Les décisions prises par le Conseil fédéral le 19.03.2021 ne permettent aucun assouplissement des mesures actuellement en vigueur, et ce jusqu'à nouvel avis.

Seuls l'auteur de la reconnaissance, la mère de l'enfant et un éventuel interprète sont admis lors du rendez-vous.

Nous demandons aux administrés de porter impérativement un masque lors de nos rendez-vous.

Informations générales

A la naissance, le lien de filiation entre l'enfant et sa mère est automatiquement établi.

Si les parents de l'enfant ne sont pas mariés ensemble, la filiation (la parenté juridique) entre le père et l'enfant doit être établie par une reconnaissance, à savoir un acte juridique par lequel un homme reconnaît être le père d'un enfant qui n'a un lien de filiation qu'avec sa mère. La reconnaissance peut avoir lieu avant (reconnaissance prénatale) ou après la naissance (reconnaissance postnatale) et la déclaration peut être reçue par l’officier de l’état civil d’un des lieux suivants :

  • Du lieu de naissance de l’enfant
  • Du lieu de séjour habituel de l'enfant
  • Du lieu de domicile de la mère ou de l'auteur de la reconnaissance
  • Du lieu d'origine de la mère de l'enfant ou de l'auteur de la reconnaissance


Pour que la reconnaissance d'un enfant soit valable, les conditions suivantes doivent être remplies:

  • L'enfant n’a de lien de filiation qu'avec sa mère
  • La mère de l’enfant n’est pas mariée avec le père biologique, auquel cas le mari est présumé en être le père*
  • L'auteur de la demande de reconnaissance est le père biologique de l'enfant
  • Les parents de l’enfant ne sont pas mariés ensemble
  • L'auteur de la reconnaissance est capable de discernement

* Dans ce cas précis, la reconnaissance par le père biologique, s’il n’est pas le mari de la mère, n’est alors possible que lorsque la présomption de paternité du mari a été levée par un tribunal (procédure de désaveu de paternité).

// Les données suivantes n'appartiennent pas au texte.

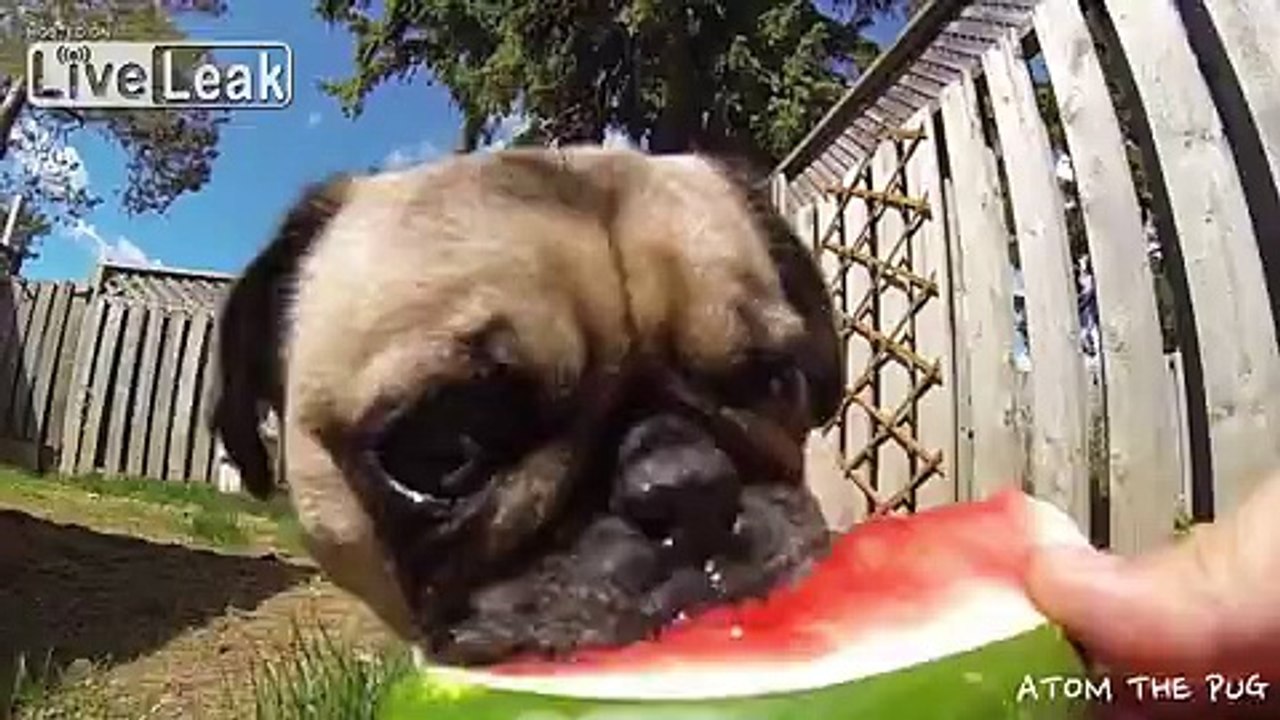 LiveLeak.com - PUG Addicted to WATERMELON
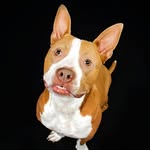 Zeus The Short Bully profile photo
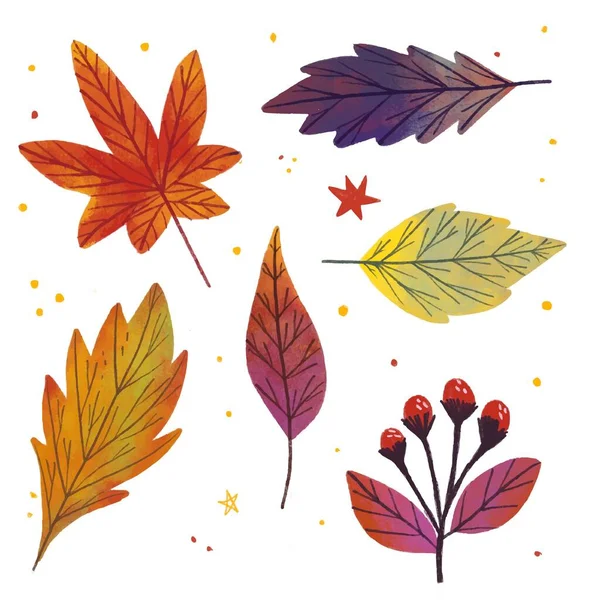 Hand Drawn Autumn Leaves Collection Vector Design Illustration — Stock Vector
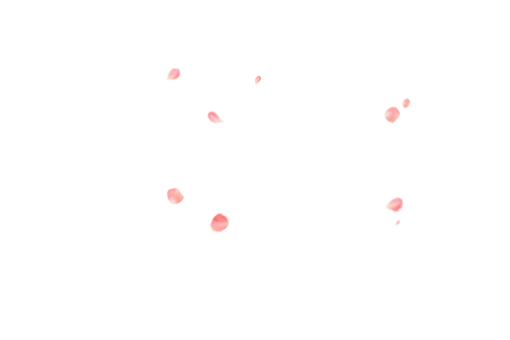 vector  Overlay PNG Flower Petals Background vector illustration nature backgrounds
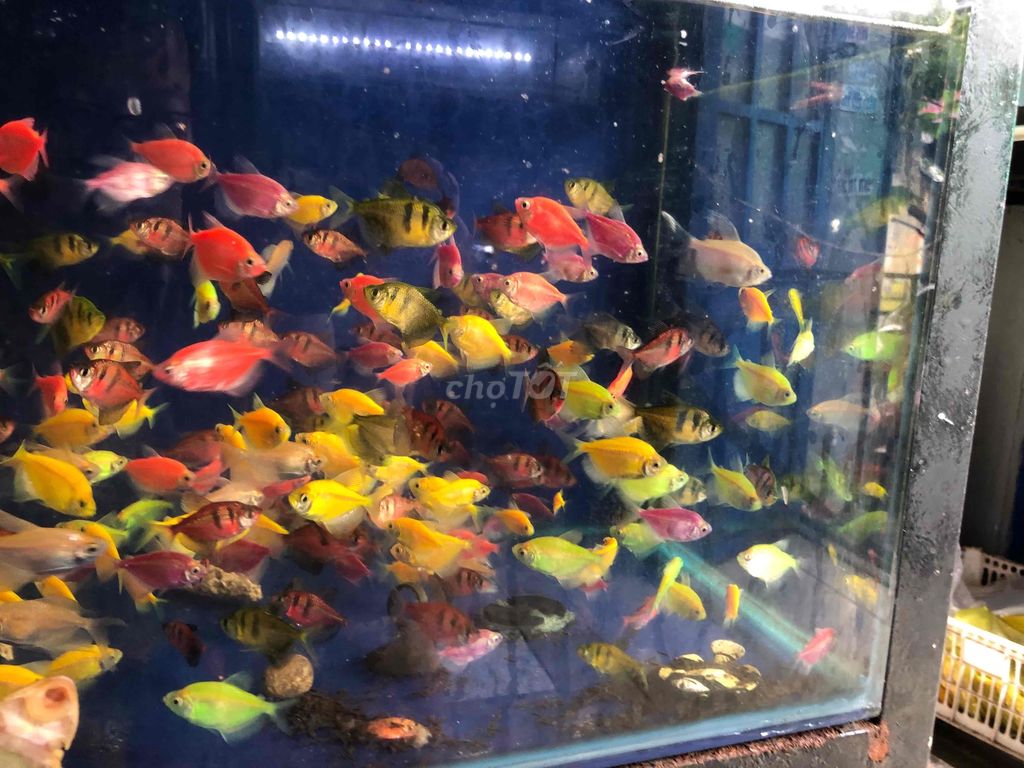 Cá Cánh Buồm Dạ Quang đủ màu-100 con cá đẹp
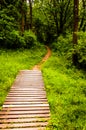 Bridge along a trail in a lush forest in Codorus State Park Royalty Free Stock Photo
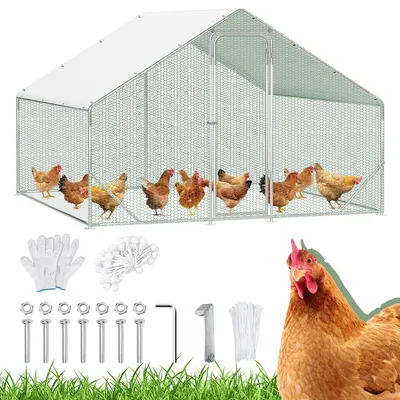Obrázek produktu pro Kurník Peviasot, rozměry 3 x 3 x 2 metry, plocha 9 m², se sedlovou střechou, z pozinkovaných trubek o průměru 25 mm, s zeleným PVC pletivem a bílou polyetylenovou plachtou s UV ochranou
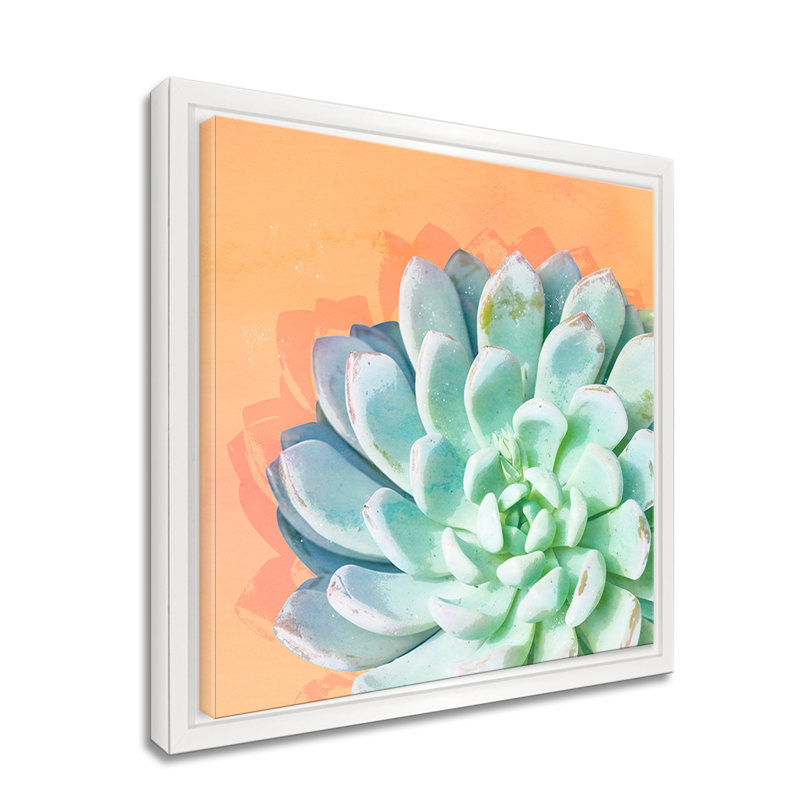« réveil iv », impression sur toile succulent, H 30 po x l 30 po x P 1,5 po, Cadre blanc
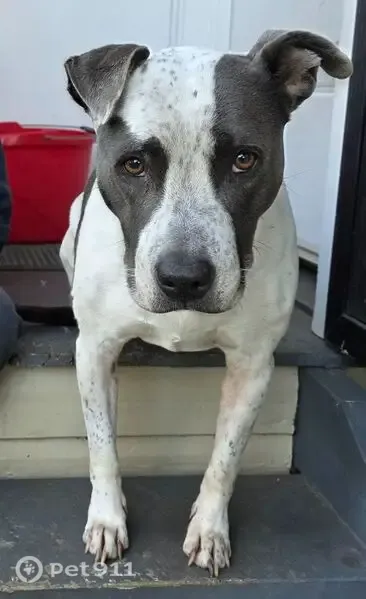 Lost dog, Oxford Park — female staffy mix, microchipped - photo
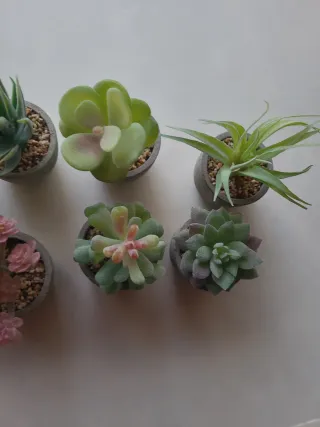 Mini Suculentas Artificiales (Set de 8)
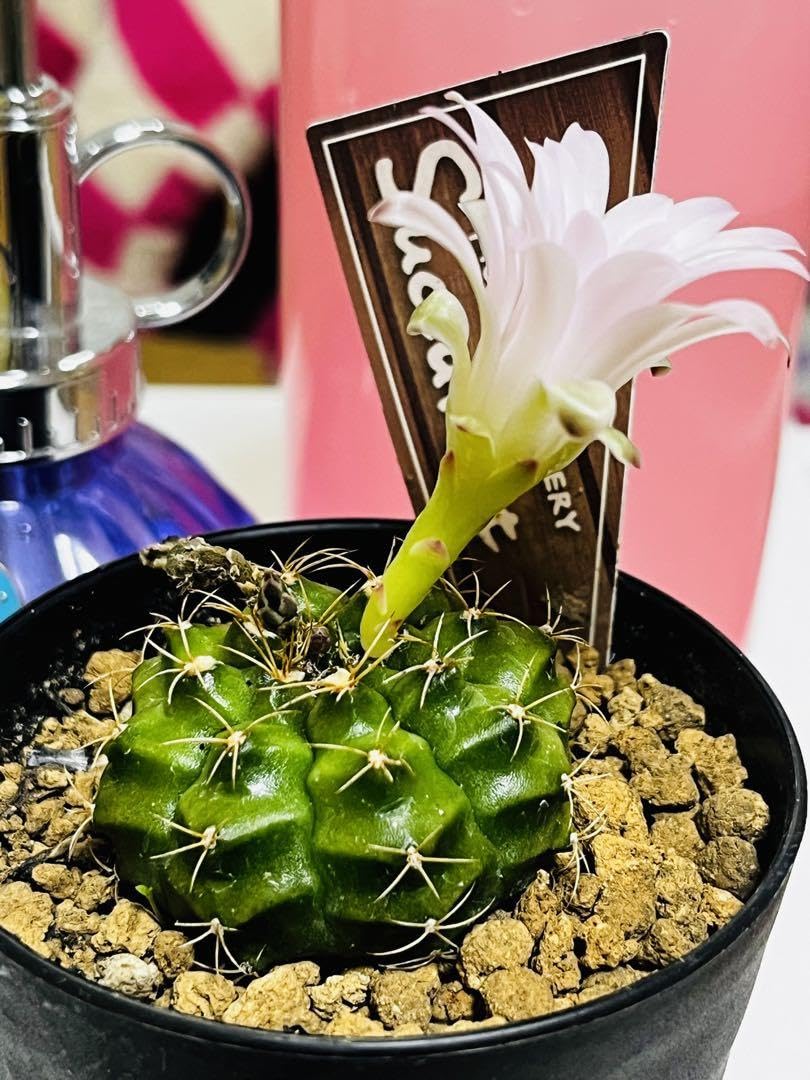 Amazon.co.jp: ギノムカリキウム属 麗蛇丸（れいじゃまる） 丸サボテン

A noter que la reconnaissance peut aussi être établie si le père de l'enfant est marié avec une autre femme.

 

Comment procéder

Pour ouvrir une procédure de reconnaissance dans le canton de Vaud, nous invitons les parents à cliquer sur le lien ci-dessous qui correspond à leur cas et à suivre les instructions:

Une fois le dossier complet et traité, les parents seront convoqués à l’Office d’état civil du canton de Vaud pour finaliser la reconnaissance et, si souhaité, l’autorité parentale conjointe. Le rendez-vous dure approximativement 30 minutes et à l’issue de ce dernier, une confirmation de reconnaissance sera remise aux parents. Selon la situation et les besoins du couple, d’autres documents peuvent être délivrés.

 

La procédure coûte entre CHF 75.- et CHF 210.- et devra être payée lors du rendez-vous.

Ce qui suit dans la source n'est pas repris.